In my Ascension Thursday homily, last May 18, at the Mass for the opening of the Paulist Fathers' Hecker Symposium: Servant of God Isaac Hecker and the Church of Our Age, I highlighted Hecker's love for the Church as the continuation and expansion of the body of Christ in time and space.  So I was very happy to find this volume in which the author places so much emphasis on Hecker's devotion to the person of Christ and the centrality of the mystery of the Incarnation. For Hecker, according to Kirk, "the central event of the Christian experience was the incarnation, understood as a new creation, restoring to its original destiny the first creation" (p. 144). Already by the time of. his conversion, Hecker had become convinced that "the Church was the source of Christ's life in the world today" (p. 169), the she "is the body of Christ living in the present world" (p. 170; cf. also Hecker's Diary entries for November 15 1843, and May 10, 1844). 

In terms of Influences on Hecker in this direction, Kirk identifies Orestes Brownson, Möhler's Symbolik, and the Oxford Tracts. For Möhler, the rationale for the visibility of the Church was to be found in the Incarnation. I have been less attentive in the past to the influence of the Tracts on Hecker, but Kirk highlights Hecker's frequent references to them in his 1843-1844 letters. And "the belief in the Church as the living body of Christ was common to all the Tractarians" (p. 173).

Kirk's subtitle is Reconciling the American Character and the Catholic Faith, but in treating that commonly emphasized aspect of Hecker's thought the book dives deeply into such central issues as the significance of Hecker's own experience - social and political as well as religious - for his thinking, Hecker's personal appreciation of the relationship between "active" and "passive" virtues (an issue which would prove important in the context of subsequent controversy after Hecker's death), and his emphasis on the experiential nature of spirituality. Kirk stresses how Hecker "found reconciliation where others found opposition," emphasizing "the harmonious relationship between nature and grace, between God's kingdom and the world,  between faith and reason, between the interior life and man's responsibility for the social order, between doctrine and experience." And "the key to his view of all these realities was the reconciliation between God and man that he saw symbolized in the Incarnation" (p. 372).

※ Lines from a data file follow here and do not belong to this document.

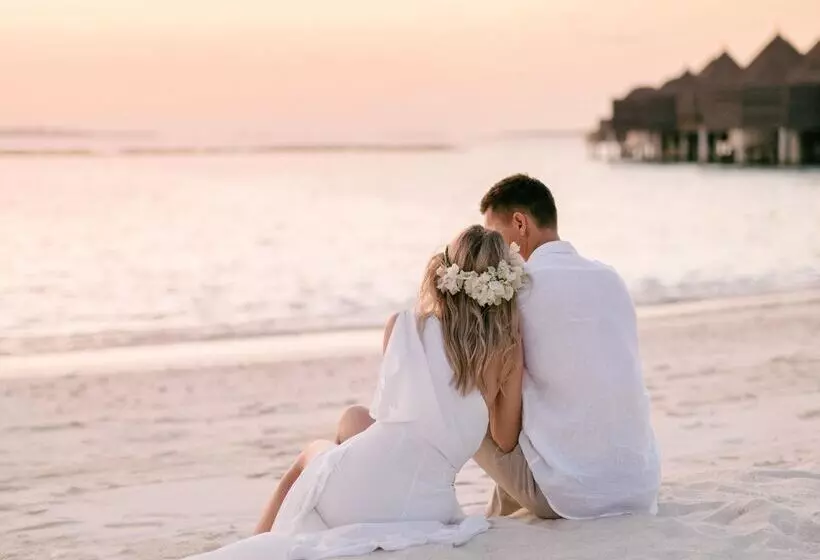 هتل The Nautilus Maldives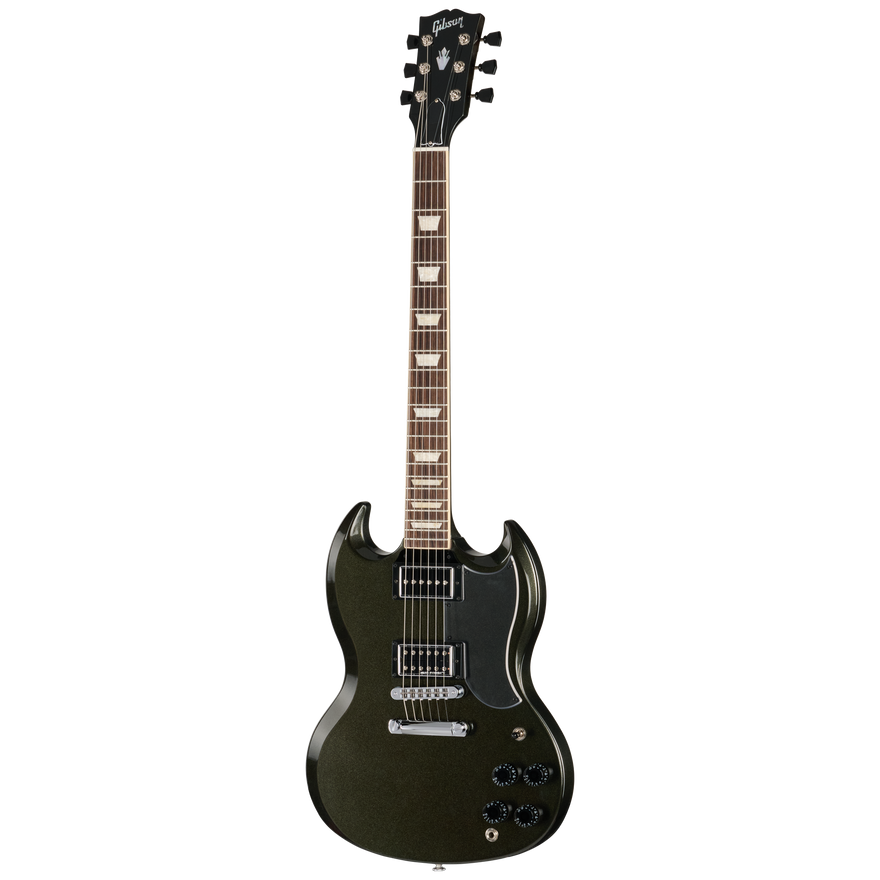 ギター Gibson SG Special MOD NGD! 2021 SG Tribute MOD Collection : r/gibson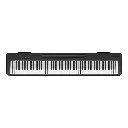 Teclado Digital Yamaha P145 con Adaptador PA-150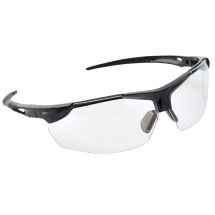 Portwest PW Defender Safety Spectacle Clear PS04 (Pair)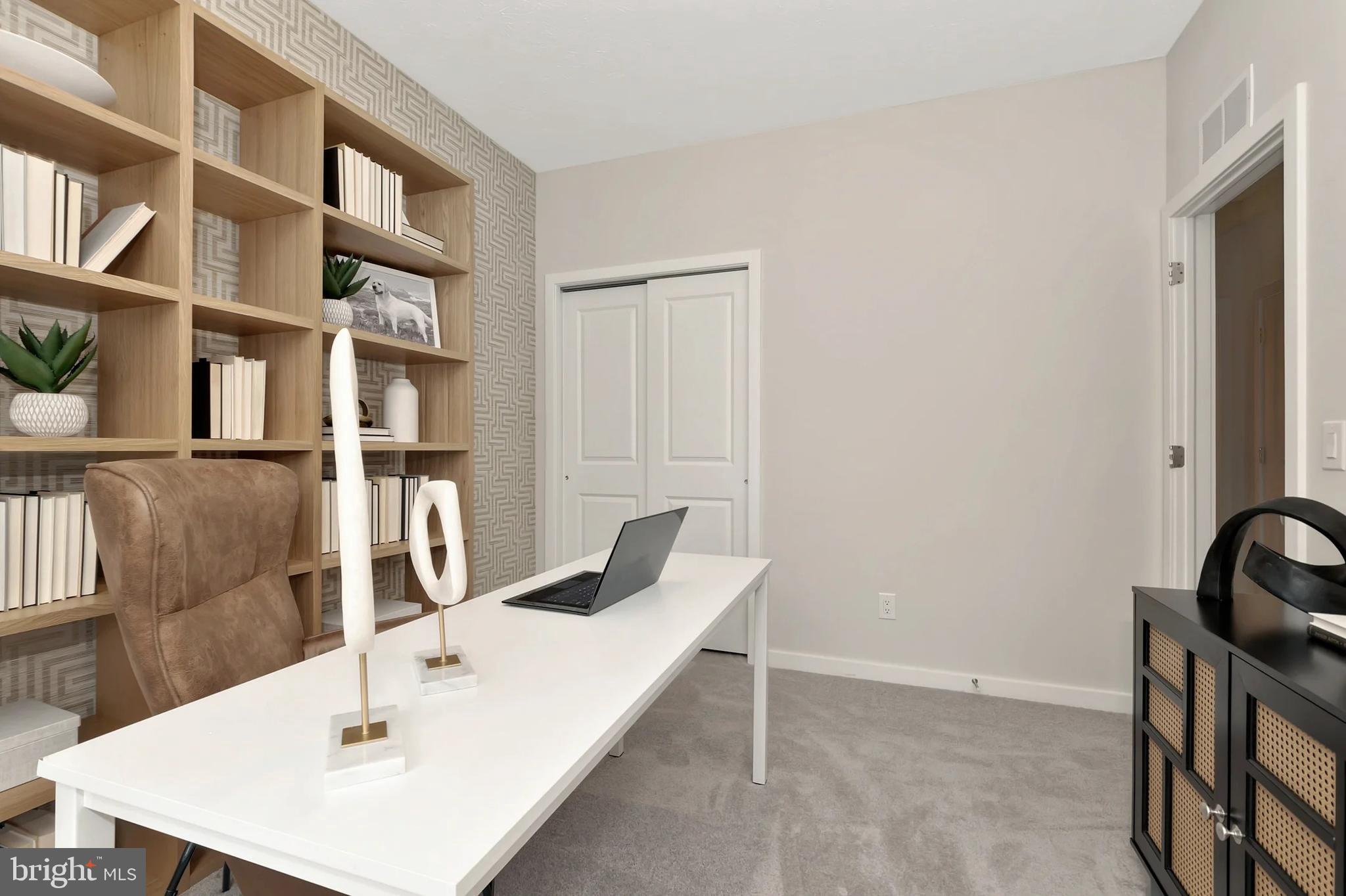 LIBERTY RUN - Residential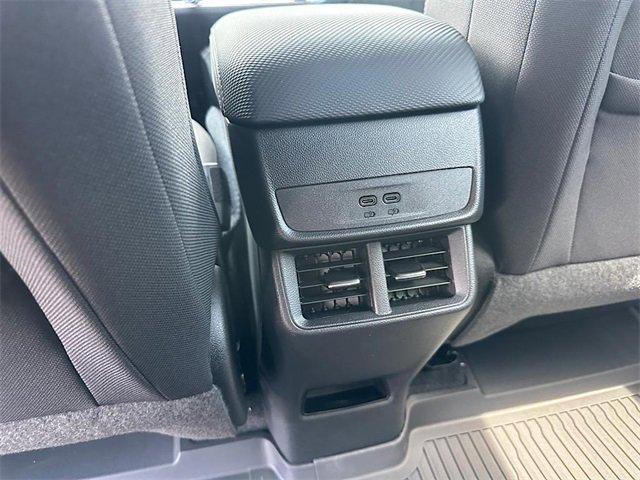 new 2026 Chevrolet Equinox car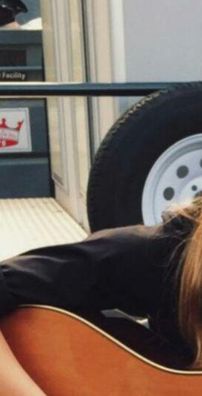 Foto de Sawyer Fredericks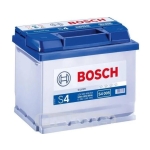 Acumulator 242x175x190 540A 60A Bosch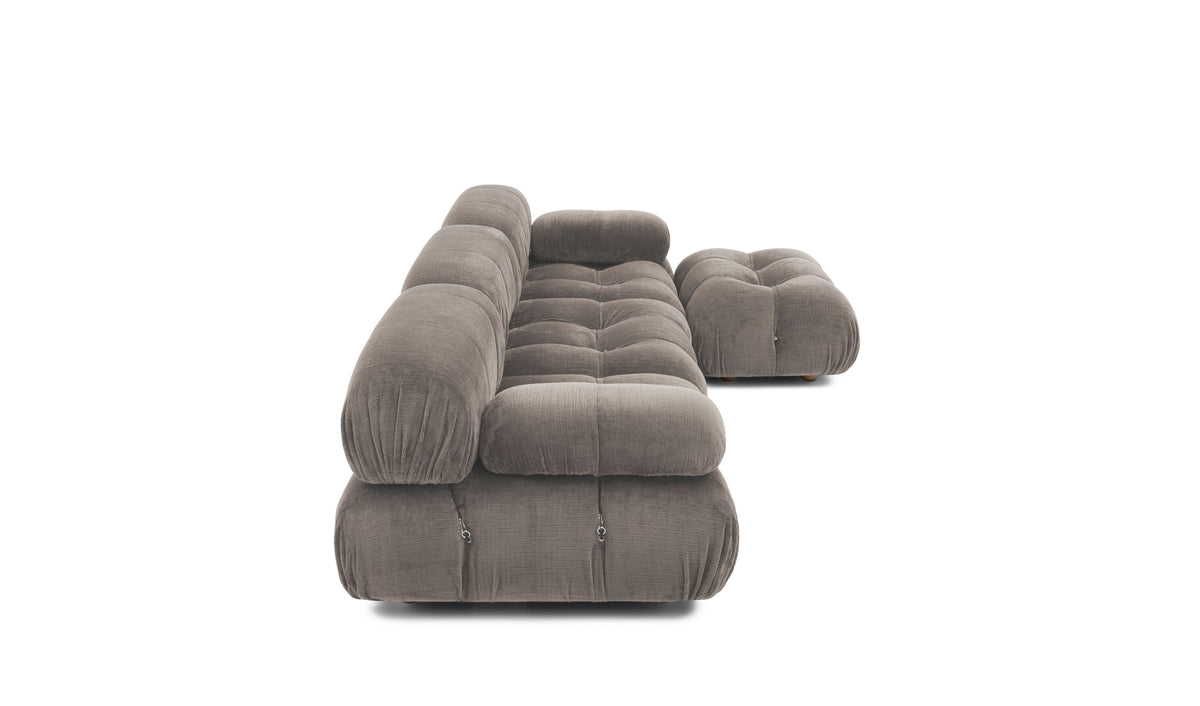 Canapé Modulaire Camaleonda - Expédition Rapide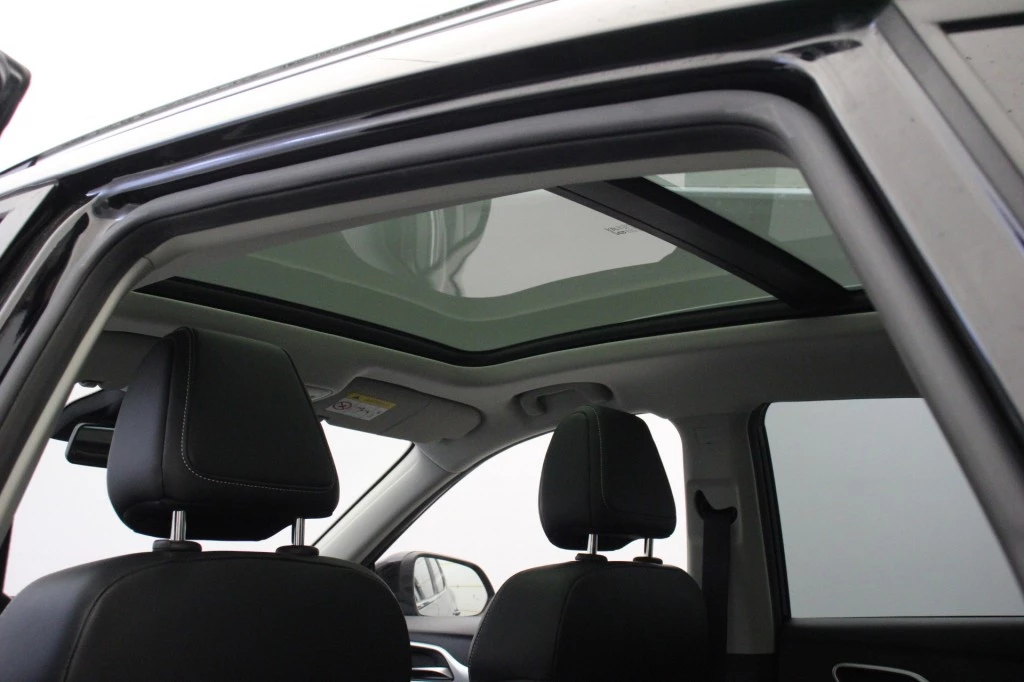 Hoofdafbeelding MG ZS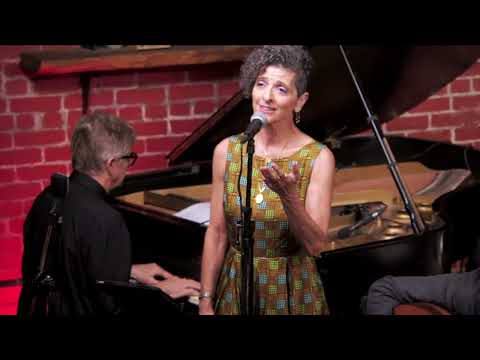 Julie Slim - Sarabande de Solitude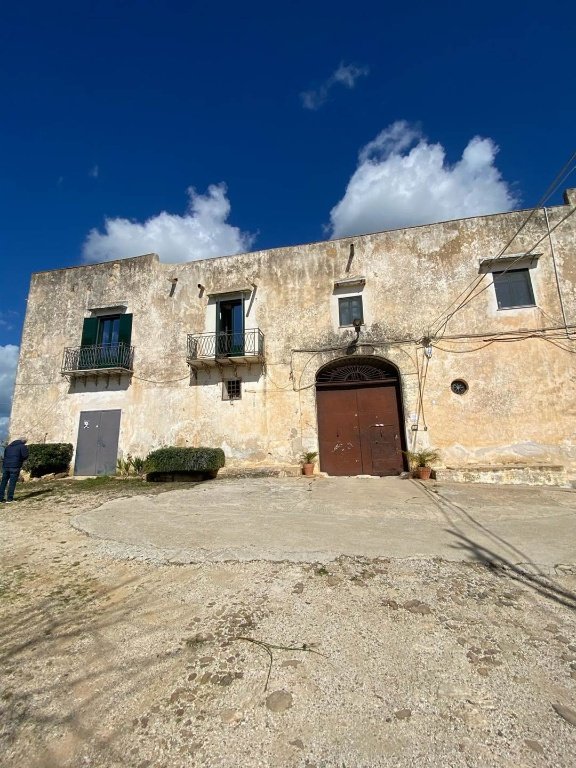 appartamento in vendita a Partinico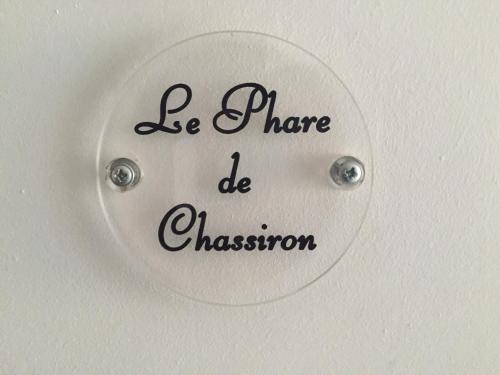 Le Môle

Along the way, Kirk offers some interesting insights into the important part played by Saint Francis de Sales on Hecker - as early as 1844 and as late as 1873 when he visited and said Mass at Saint Francis de Sales' tomb. Kirk also adds to our appreciation of Hecker's spiritual debt to the great Jesuit authors Lallemant and de Causade and to Lallemant's disciples Rigoleuc and Surin. He also discusses the influences of three non-Jesuit authors, Saint Catherine of Genoa, Saint Teresa of Avila, and Saint John of the Cross. Kirk's treatment of Hecker's approach to spiritual direction is especially rewarding to read. (One interesting aside is the fact that a spiritual director Hecker recommended to Brownson in 1851 was his fellow Redemptorist, later Bishop of Philadelphia, now Saint John Neumann.)

Personally, I think Kirk might have been a bit more critical of Hecker's very 19th-century way of talking about national character. Kirk does, however, propose some very useful critique in his conclusion that "Hecker's thought can be criticized on both the internal merit of his argument, at least in regard to the harmony between Catholic anthropology and American democracy and on the attitude or stance he takes which is not only open to the American culture but almost entirely non-critical in its acceptance of the American way of life" (p. 379). 

Regarding the first, Kirk notes the familiar argument that the American political system was founded on a more pessimistic view of human nature and a certain suspicion of political power. Regarding the second point, Kirk worries whether there may be "no room in Hecker's thought regarding the relationship of Catholicism to America for a prophetic stance, or for a stance which disengages itself from culture ignorer to critically evaluate it in light of the Gospel" (p. 381). The latter issue he sees as part of a larger historic problematic that the Church in the U.S. "has not been, in general, and effective source of healthy criticism of American society" (p. 382). These are useful critiques, an important contribution to the task of retrieving Hecker 19th-century spirituality in a very different 21st-century America.